+++ MATERIAL SHOWN

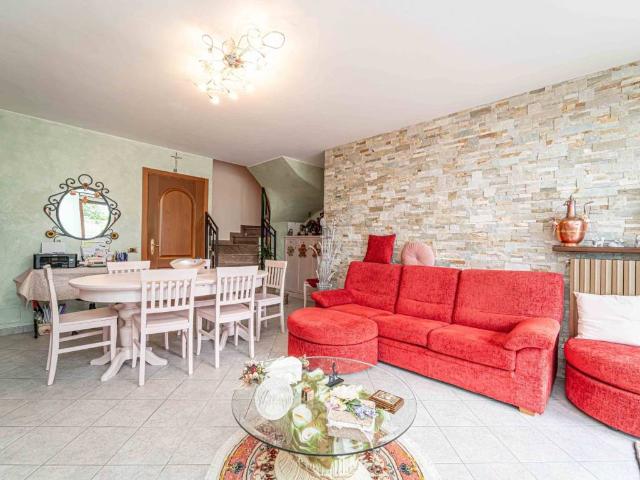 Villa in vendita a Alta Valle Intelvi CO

++++++
+++ MATERIAL SHOWN

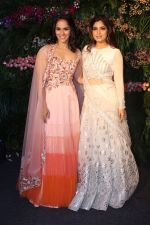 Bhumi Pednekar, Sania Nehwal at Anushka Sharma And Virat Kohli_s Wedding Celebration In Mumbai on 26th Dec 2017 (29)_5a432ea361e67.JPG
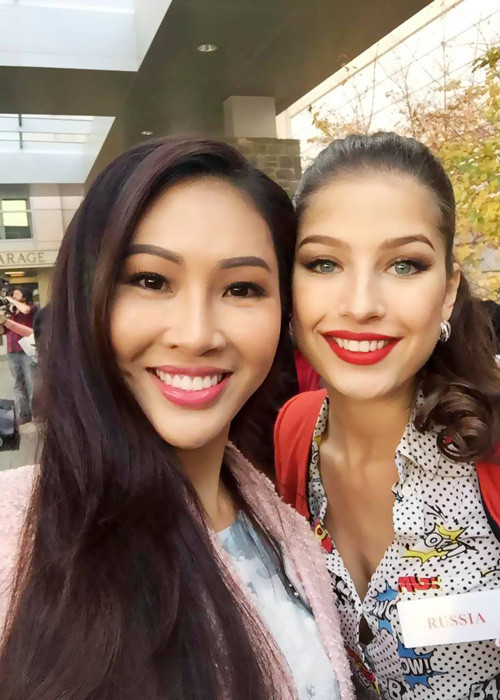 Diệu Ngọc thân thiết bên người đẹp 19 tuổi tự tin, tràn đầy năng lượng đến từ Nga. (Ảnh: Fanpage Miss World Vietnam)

++++++
+++ MATERIAL SHOWN

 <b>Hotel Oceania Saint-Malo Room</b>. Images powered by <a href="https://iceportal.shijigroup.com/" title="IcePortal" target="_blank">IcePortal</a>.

++++++

**ACTIVITY:** Using the records above, print exactly the run of lines that starts with the line with "Bhumi Pednekar, Sania" and goes on through the line with "Diệu Ngọc thân", pictures excluded.

**WORKED SOLUTION:**
 Bhumi Pednekar, Sania Nehwal at Anushka Sharma And Virat Kohli_s Wedding Celebration In Mumbai on 26th Dec 2017 (29)_5a432ea361e67.JPG
 Diệu Ngọc thân thiết bên người đẹp 19 tuổi tự tin, tràn đầy năng lượng đến từ Nga. (Ảnh: Fanpage Miss World Vietnam)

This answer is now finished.